WHAT YOU SHOULD DO =>
Output the records exactly, and drop each picture.

Saved entries =>
###

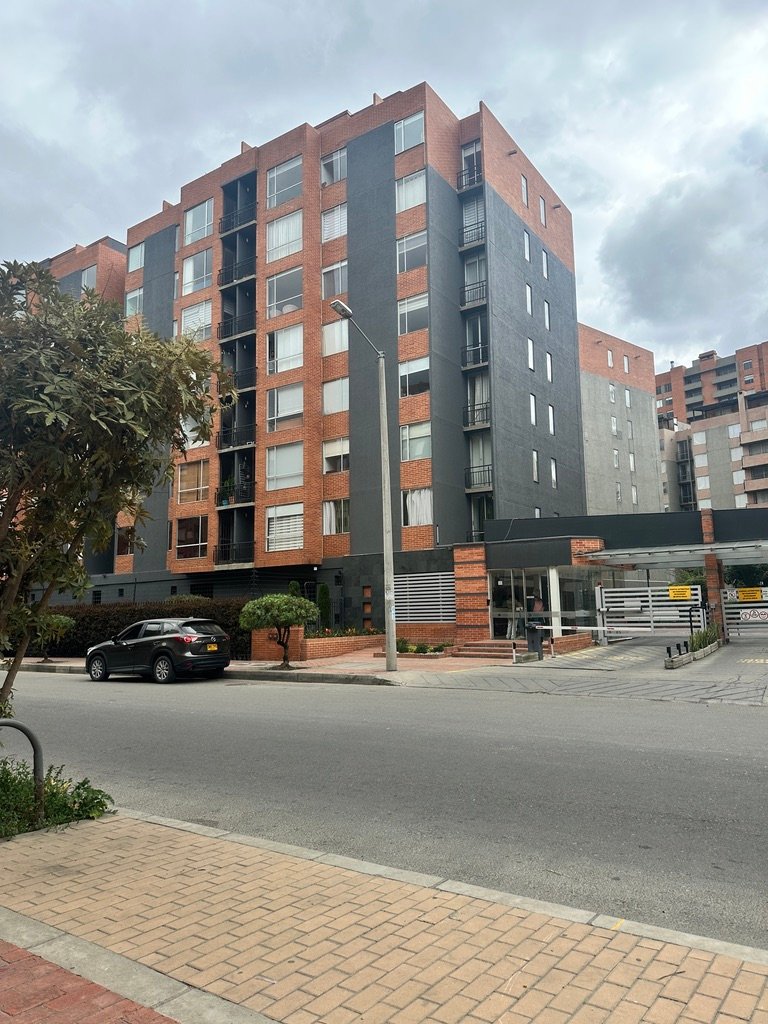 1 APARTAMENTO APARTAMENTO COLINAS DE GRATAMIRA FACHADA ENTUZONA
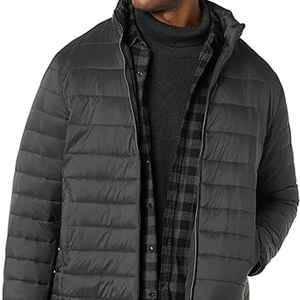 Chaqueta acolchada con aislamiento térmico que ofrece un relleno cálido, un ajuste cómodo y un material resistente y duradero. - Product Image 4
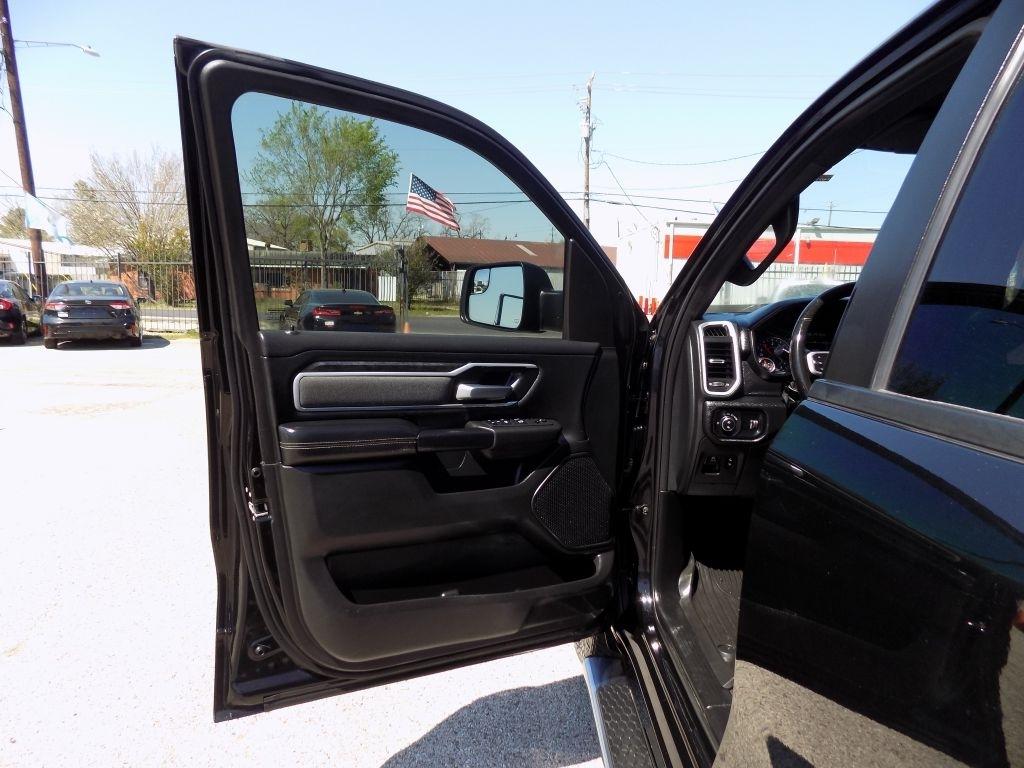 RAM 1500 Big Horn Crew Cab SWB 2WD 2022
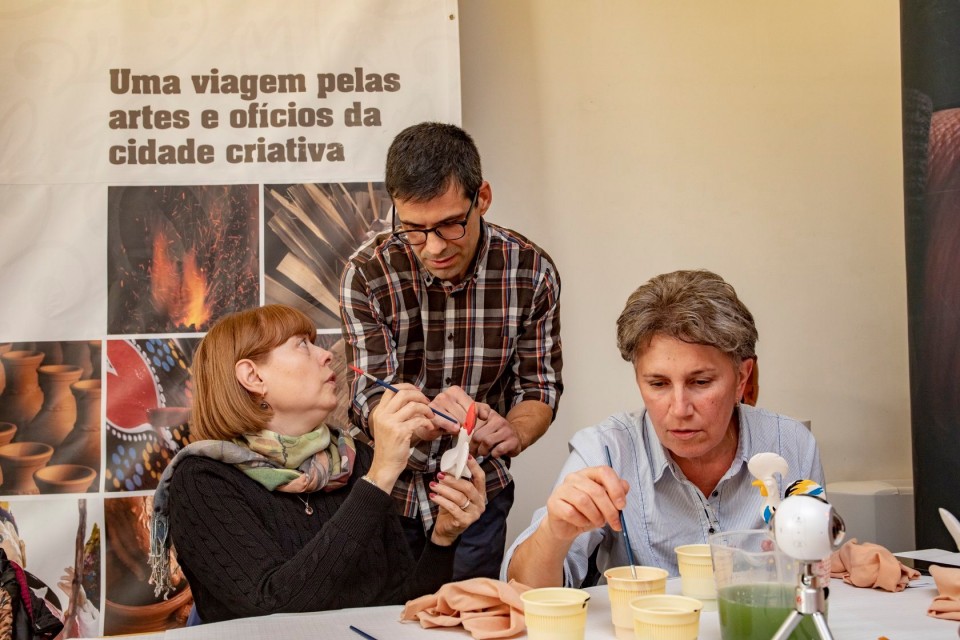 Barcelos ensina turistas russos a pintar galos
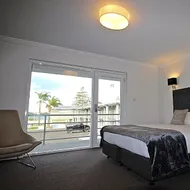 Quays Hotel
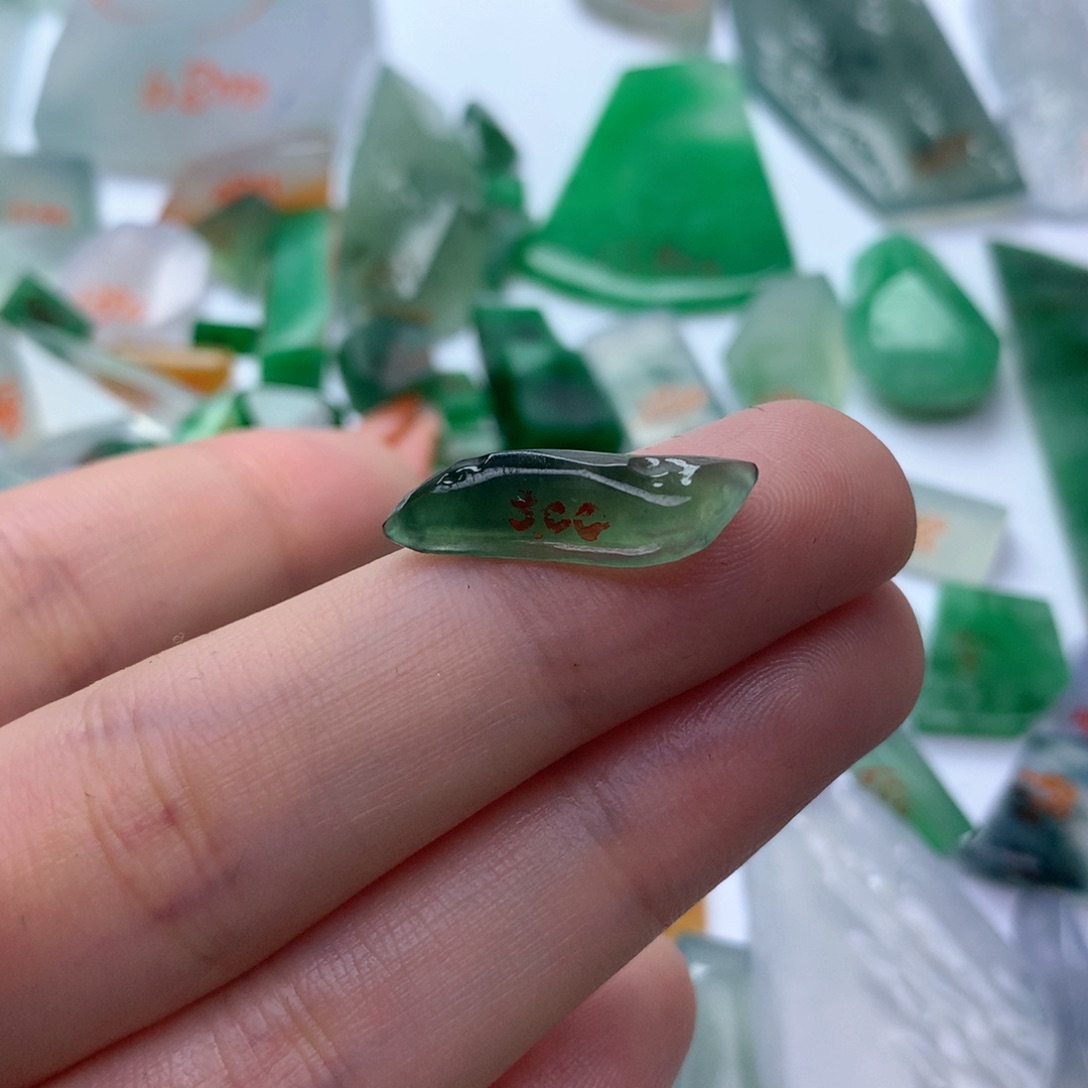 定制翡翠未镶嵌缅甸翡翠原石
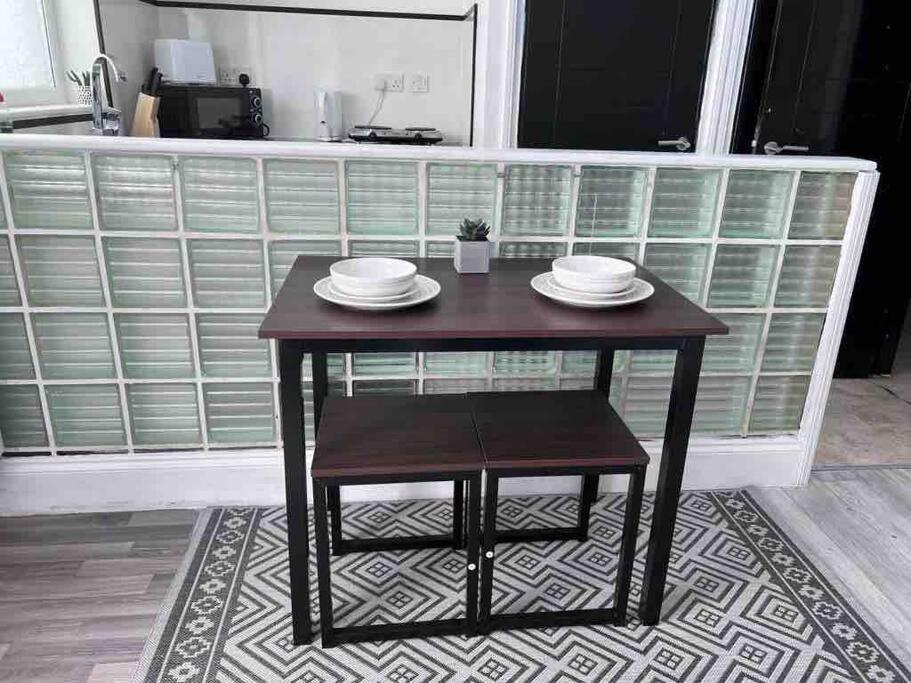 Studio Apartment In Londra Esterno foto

###

THE COMPLETED TASK =>
 1 APARTAMENTO APARTAMENTO COLINAS DE GRATAMIRA FACHADA ENTUZONA
 Chaqueta acolchada con aislamiento térmico que ofrece un relleno cálido, un ajuste cómodo y un material resistente y duradero. - Product Image 4
 RAM 1500 Big Horn Crew Cab SWB 2WD 2022
 Barcelos ensina turistas russos a pintar galos
 Quays Hotel
 定制翡翠未镶嵌缅甸翡翠原石
 Studio Apartment In Londra Esterno foto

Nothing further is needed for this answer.